▶ _Supplied material_
Start of Block
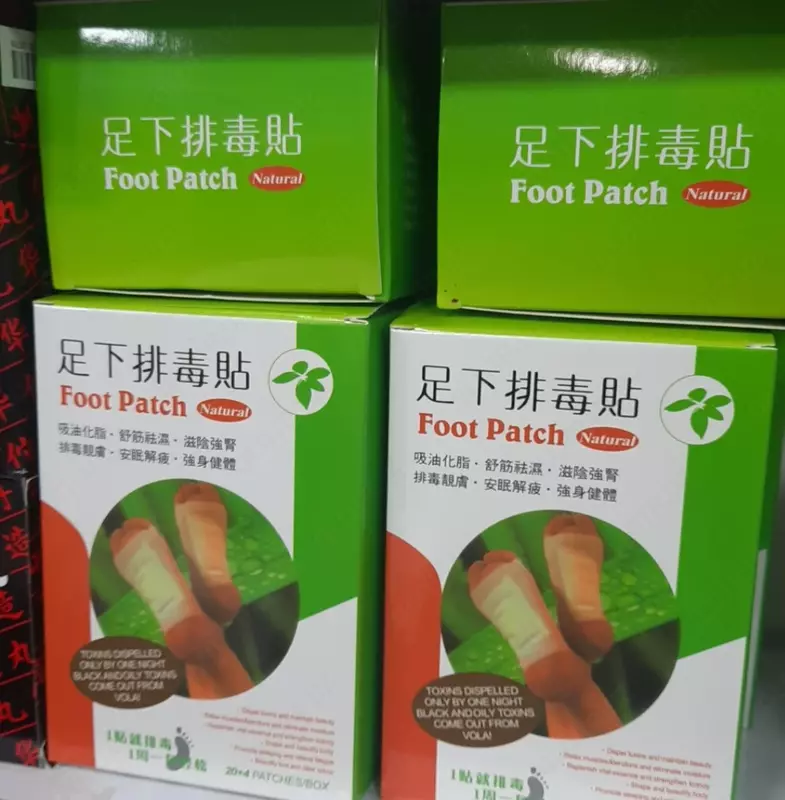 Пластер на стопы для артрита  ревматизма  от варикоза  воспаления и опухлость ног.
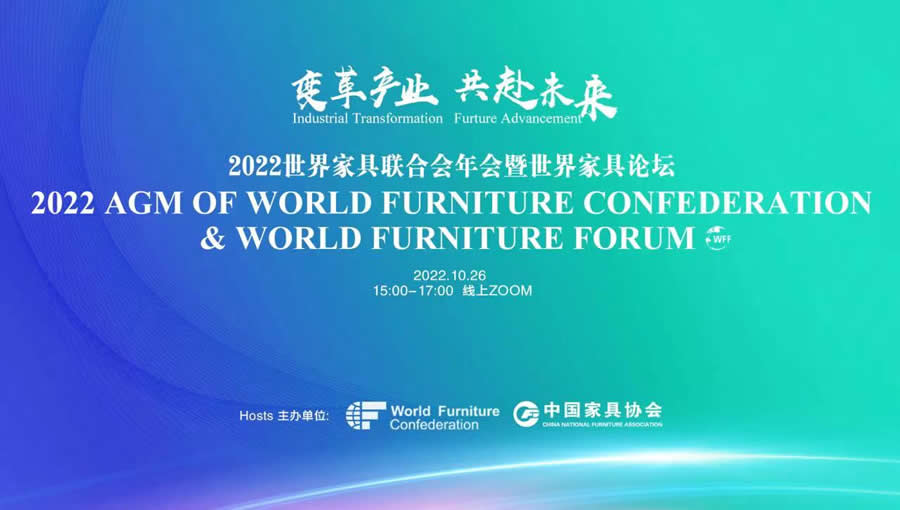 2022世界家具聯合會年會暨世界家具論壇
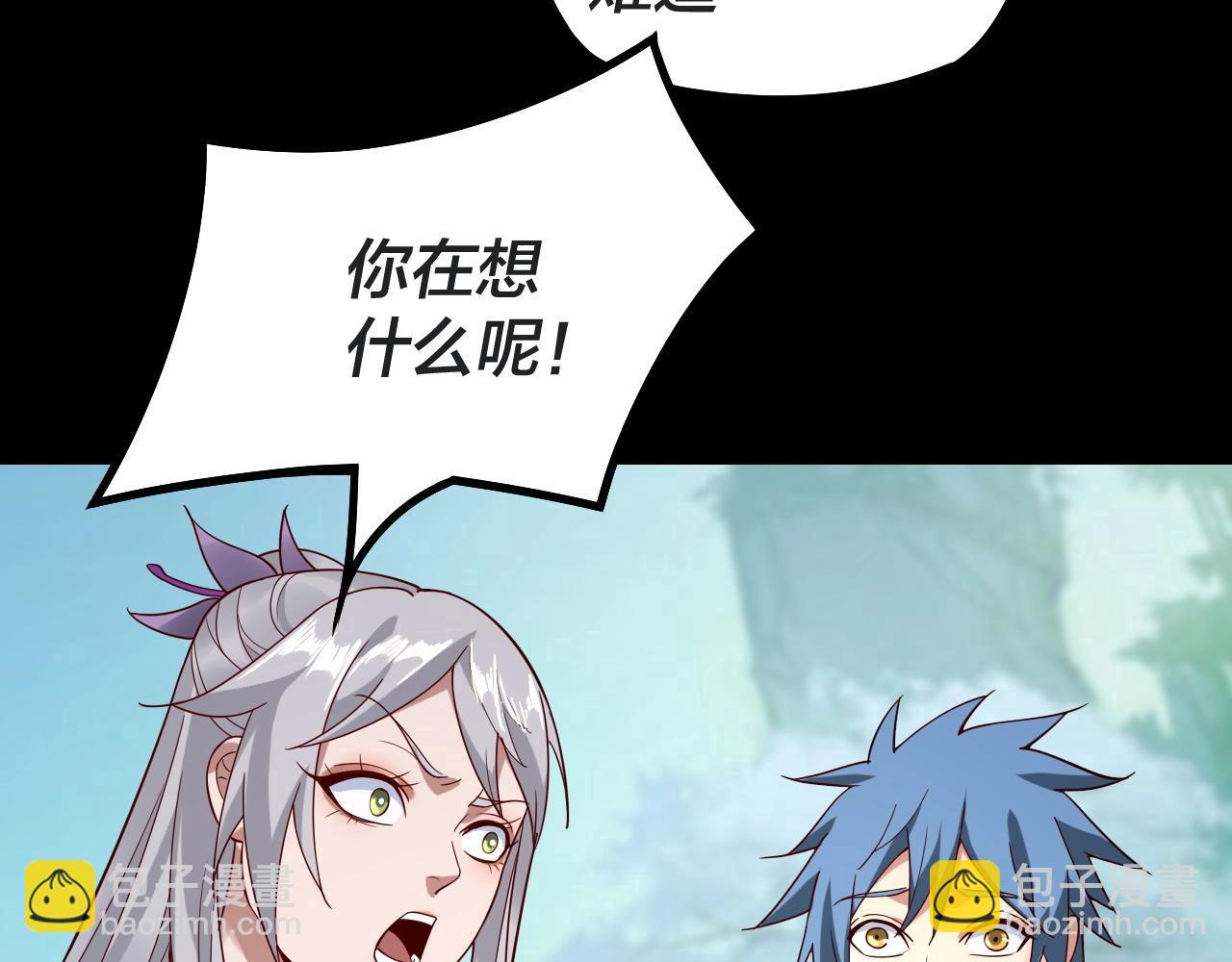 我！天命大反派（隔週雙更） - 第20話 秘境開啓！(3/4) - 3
End of Block
▶ _Activity_
Could you reproduce exactly the lines running from the one with "2022世界家具聯合會年會暨世界家具論壇" through the final line of the listing above, both included, and drop the pictures?

▶ _Task result_
 2022世界家具聯合會年會暨世界家具論壇
 我！天命大反派（隔週雙更） - 第20話 秘境開啓！(3/4) - 3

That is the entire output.